HBO’s “Last Week Tonight with John Oliver” tackled the Green New Deal and carbon pricing on Sunday night’s recent episode, bringing further mainstream attention to climate issues and ideas, and confronting a number of bad faith arguments in the process.
On the Green New Deal, Oliver talked about what the resolution actually is, as opposed to how it’s been twisted around by Republican politicians and critics who’ve seized upon things that don’t show up in the resolution itself. As Oliver notes, “the Green New Deal doesn’t even mention the words ‘cows’ or ‘airplanes.'”
As explained, an early draft of a Green New Deal FAQ contained a passing joke to farting cows and airplanes, and as Oliver says, it’s “clearly supposed to be a joke, but it wasn’t a great time to attempt one. And even AOC admits the rollout of the Green New Deal was the biggest mistake she’s made in Congress, and she is right about that, because it gave an opening for these idiots to pretend the Green New Deal was all about hamburger stealing, when it is not.”
The segment also gets to the heart of the GND’s purpose — kickstarting a larger conversation on climate issues and energy transition, and setting aggressive targets. As Oliver says,
“It’s important to note the Green New Deal contains no detailed specifics on how it will achieve any of its goals, which sounds like a criticism, but it is really not.”
From there, Oliver focuses on carbon pricing, which takes up about half the time of the 19-plus minute segment. Oliver brings in Bill Nye, who eventually gets rather angry and profane while explaining what carbon pricing is.
Oliver even makes a reference to Elon Musk during this time, saying Bill Nye’s “point about incentivizing new technology is really important, especially because our current low-carbon technology strategy is essentially hope that this guy (points to a picture of Musk) stops calling people pedophiles long enough to invent an affordable electric car and right now the pedophile-to-car balance is way off.”
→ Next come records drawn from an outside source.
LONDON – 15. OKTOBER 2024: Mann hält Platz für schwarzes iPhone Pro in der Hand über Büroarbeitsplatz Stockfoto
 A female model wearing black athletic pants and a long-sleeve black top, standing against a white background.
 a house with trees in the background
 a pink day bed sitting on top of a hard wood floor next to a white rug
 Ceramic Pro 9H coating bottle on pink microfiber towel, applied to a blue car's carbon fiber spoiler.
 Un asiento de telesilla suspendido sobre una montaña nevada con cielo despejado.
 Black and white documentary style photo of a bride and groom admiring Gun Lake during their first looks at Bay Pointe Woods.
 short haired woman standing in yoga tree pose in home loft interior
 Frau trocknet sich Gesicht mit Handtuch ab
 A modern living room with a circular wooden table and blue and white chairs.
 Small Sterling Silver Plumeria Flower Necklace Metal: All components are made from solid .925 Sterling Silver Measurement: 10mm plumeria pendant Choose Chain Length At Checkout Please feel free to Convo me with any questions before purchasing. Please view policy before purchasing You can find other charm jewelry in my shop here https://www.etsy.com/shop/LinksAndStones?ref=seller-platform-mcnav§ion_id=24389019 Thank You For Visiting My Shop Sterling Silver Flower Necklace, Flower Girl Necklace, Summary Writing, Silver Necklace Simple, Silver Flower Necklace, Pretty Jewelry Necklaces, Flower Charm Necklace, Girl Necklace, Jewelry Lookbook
Oliver points out nothing is extreme about the idea of carbon pricing, as it’s widely supported by economists, and more than 40 governments worldwide have adopted some kind of carbon pricing strategy.
The full segment is below. Being HBO, of course, not all of the language is safe for work:
“However bumpy its rollout was, to its eternal credit, the Green New Deal has succeeded in getting people talking. But that won’t mean anything unless that talk now turns to actions — and putting a price on carbon could potentially be one of them. Although, let me reiterate, it will not be enough on its own by a long shot. We’re going to need a lot of different policies working in tandem, and we have to take action right now.”
That sums up some of what we’ve been saying over the past few months. We’d encourage readers to look back at some of our other Green New Deal articles, but Oliver’s segment is a pretty good quick primer on both the GND and carbon pricing, and should help bring some greater understanding to these concepts.